# Das 6 or Force Drive Polisher



## Cockney1967 (Sep 24, 2017)

Still not got machine yet and wondering on opinions which I should go for. It will be mainly used on my new st


----------



## Imprezaworks (May 20, 2013)

Das 6 is easier to use. The other will correct better.


----------



## GSVHammer (Feb 7, 2009)

Imprezaworks said:


> Das 6 is easier to use. The other will correct better.


I'd go the other way round. Forced Drive are easier to use as the learning curve is lower. There is no pad stall.

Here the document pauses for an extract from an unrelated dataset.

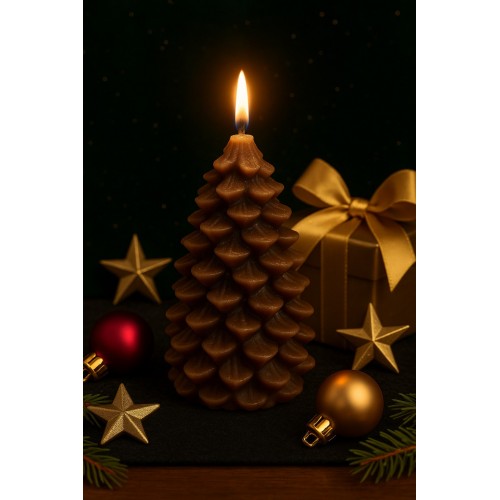 Yeni Yıl  Noel Kozalak Temalı Mum - Yılbaşı Sofra Süsü Dekorasyon El Yapımı Kozalak Mum 10 cm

Free Spinning you have to learn not to stall the pad and the final finish will be marginal better than Forced Drive.


----------



## Walesy. (Oct 1, 2009)

GSVHammer said:


> I'd go the other way round. Forced Drive are easier to use as the learning curve is lower. There is no pad stall.
> 
> Free Spinning you have to learn not to stall the pad and the final finish will be marginal better than Forced Drive.

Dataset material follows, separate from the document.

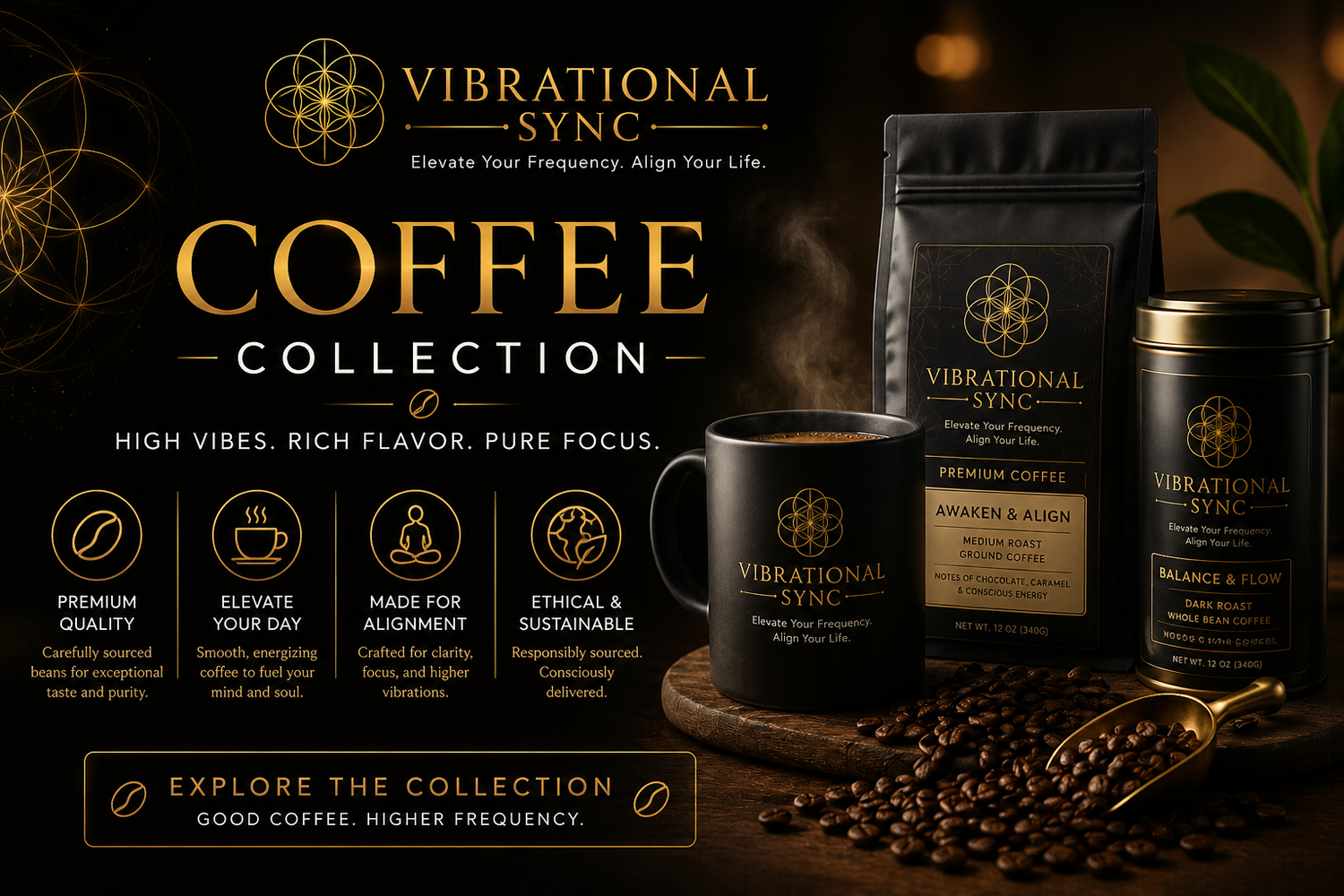 table of coffee cups with froth that spells "vibrational sync"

I would agree with you mate.

I found my DAS6 stalled when you looked at it funny, despite many hours behind it, still frustrated me. 
I bought a Rupes Mille to replace it


----------



## Dave KG (Feb 23, 2006)

You pays your money...

Forced rotation has come a long way since I last used one (Flex 3401), and to be honest, neither would be my choice given the option to enjoy the smooth correction of a rotary. I'd be interested if forced rotation polishers can match the sharpness and clarity from a rotary if the abrasives are being broken down more 'randomly' on very soft dark paint was this was often a talking point between random and rotary. Difference in finish negligible on most paint finishes.

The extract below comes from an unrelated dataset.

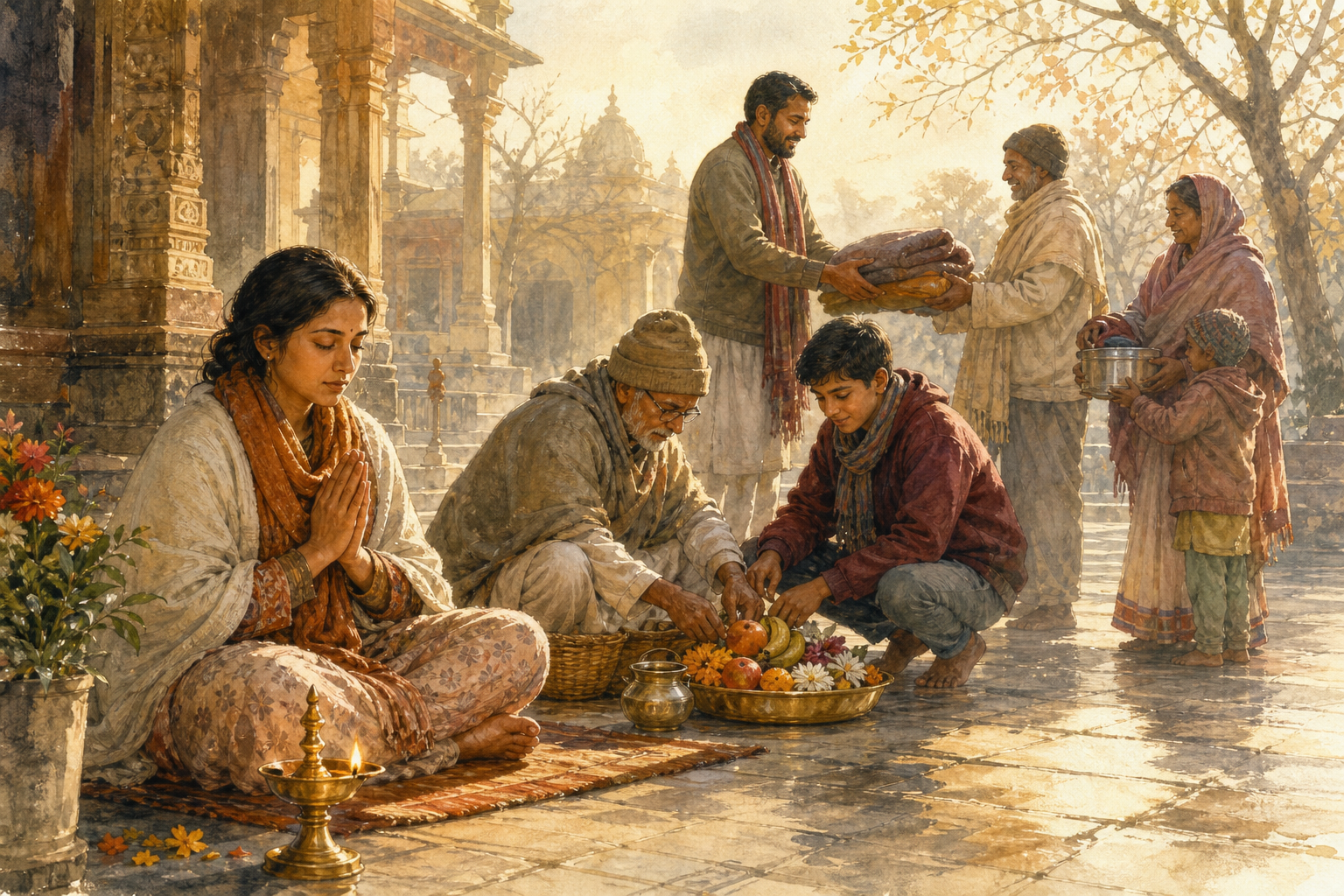 A multigenerational family prays, prepares a simple offering, and distributes blankets and food on a winter morning.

Whatever you choose, take time to learn the quirks and how to get the best from the machine and don't second guess your choice. Both tyres will correct well if you learn how to use them (one may take more time than the other), and finish well. They'll be different in use - pad stall is an issue with a DAS-6 for example, but this can be mitigated by using 'harder' pads rather than softer ones that can be more prone to bogging down (eg using a hex white polishing rather than a 3M yellow polishing, the latter I would personally say is much better suited to rotary use).


----------



## Cockney1967 (Sep 24, 2017)

Lmao. 3 different views. I love the fact that everyone has there own preferences. 
I think as it's my first one I shall go for the I attached. Reason is I don't need big correction and using the pads rather than different compounds I'm hoping this will introduce me to detailing. With minimal confusion and work up from here. 
https://www.cleanyourcar.co.uk/das-6-v2-scholl-s20-black-kit


----------



## Dave KG (Feb 23, 2006)

All valid opinions as well - that's why I stand by my advice to learn the machine you buy, and don't second guess your choice. What yo have bought will do the job nicely, learn how to get the best from it and you'll be happy


----------



## NickA (Jun 15, 2008)

Walesy. said:


> I would agree with you mate.
> 
> I found my DAS6 stalled when you looked at it funny, despite many hours behind it, still frustrated me.
> I bought a Rupes Mille to replace it


I had a Das 6 Pro Plus which I sold as I wasn't really using it as I have the Vertool forced rotation. I'm considering going to the Rupes Mille at some point. What are your thoughts on it having used the Das 6?

Thanks :thumb:


----------



## Walesy. (Oct 1, 2009)

NickA said:


> I had a Das 6 Pro Plus which I sold as I wasn't really using it as I have the Vertool forced rotation. I'm considering going to the Rupes Mille at some point. What are your thoughts on it having used the Das 6?
> 
> Thanks :thumb:


The Mille is certainly a nice bit of kit to use, you dont go in after a session feeling like your hands and arms are buzzing..if that makes sense? Whereas the DAS6 exhausted me.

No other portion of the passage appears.